Meteorological history
- Formed: May 17, 1970
- Dissipated: May 27, 1970

Category 1 hurricane
- 1-minute sustained (SSHWS/NWS)
- Highest winds: 75 mph (120 km/h)
- Lowest pressure: 993 mbar (hPa); 29.32 inHg

Overall effects
- Fatalities: 8 total
- Areas affected: Cayman Islands, Jamaica, Cuba, Southeast United States
- IBTrACS
- Part of the 1970 Atlantic hurricane season

= Hurricane Alma (1970) =

Category 1 Atlantic hurricane in 1970

Hurricane Alma was a short-lived hurricane in May 1970 that affected the western Caribbean and southeastern United States. It developed on May 17, north of Panama, and rapidly intensified on May 20 to peak winds of 75 mph, near Jamaica and the Cayman Islands. It stalled south of Cuba and deteriorated due to wind shear, and by May 22 it weakened to tropical depression status. After progressing northwestward and crossing western Cuba, Alma reorganized in the Gulf of Mexico, although continued shear prevented strengthening. It moved across Florida on May 25, and on May 27 it dissipated off the coast of Virginia.

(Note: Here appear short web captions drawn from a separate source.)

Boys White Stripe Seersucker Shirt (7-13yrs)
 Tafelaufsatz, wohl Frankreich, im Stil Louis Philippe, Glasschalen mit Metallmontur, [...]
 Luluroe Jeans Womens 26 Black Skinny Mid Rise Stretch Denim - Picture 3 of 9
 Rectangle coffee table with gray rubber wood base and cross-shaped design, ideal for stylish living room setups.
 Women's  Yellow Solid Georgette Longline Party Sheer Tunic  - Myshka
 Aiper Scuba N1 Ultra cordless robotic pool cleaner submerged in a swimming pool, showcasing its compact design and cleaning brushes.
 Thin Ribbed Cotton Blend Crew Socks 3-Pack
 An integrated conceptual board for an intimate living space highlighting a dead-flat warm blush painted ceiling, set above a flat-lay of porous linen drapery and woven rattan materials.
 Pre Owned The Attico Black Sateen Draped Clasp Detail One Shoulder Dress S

The storm first brought gusty winds and heavy rainfall to Jamaica and the Cayman Islands. While it was weakening, Alma produced flooding in central and eastern Cuba, causing seven deaths and forcing 3,000 people to evacuate. Moderate precipitation spread across Florida, while thunderstorms from the storm caused light damage, killing one. Moisture from the storm spread up the Atlantic coast.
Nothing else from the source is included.